- **What is needed**
Write the data out again, character for character, with no images.

━━━━━ Data below ━━━━━

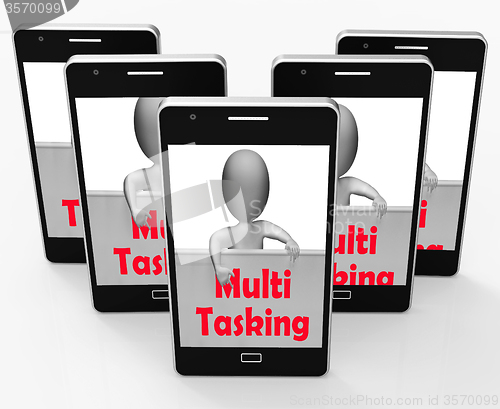 Image of Multitasking Phone Means Doing  Multiple Tasks Simultaneously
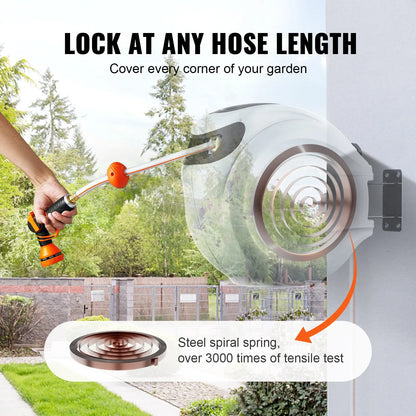 Retractable Hose Reel, Various specifications, 100'x1/2" 180° Swivel with 9-Pattern Nozzle, Automatic Rewind, Lock at Any Length, Slow Return System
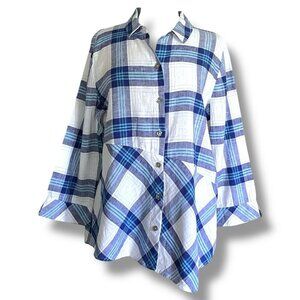 Habitat Womens Tunic Top Sz Medium Blue White Linen Blend Plaid Asymmetric Shirt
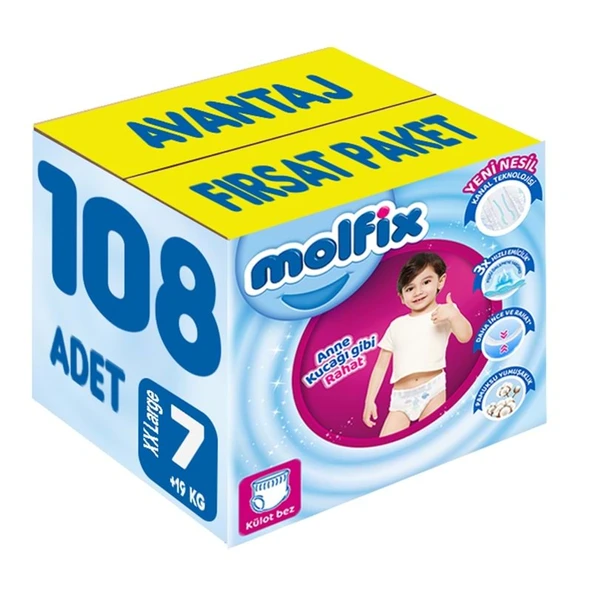 Molfix Külot Bebek Bezi 7 Beden 19+ KG XXLarge 108 Adet Avantaj Fırsat Pk ürün görseli 1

━━━━━

- **Answer to the exercise**
 Image of Multitasking Phone Means Doing  Multiple Tasks Simultaneously
 Retractable Hose Reel, Various specifications, 100'x1/2" 180° Swivel with 9-Pattern Nozzle, Automatic Rewind, Lock at Any Length, Slow Return System
 Habitat Womens Tunic Top Sz Medium Blue White Linen Blend Plaid Asymmetric Shirt
 Molfix Külot Bebek Bezi 7 Beden 19+ KG XXLarge 108 Adet Avantaj Fırsat Pk ürün görseli 1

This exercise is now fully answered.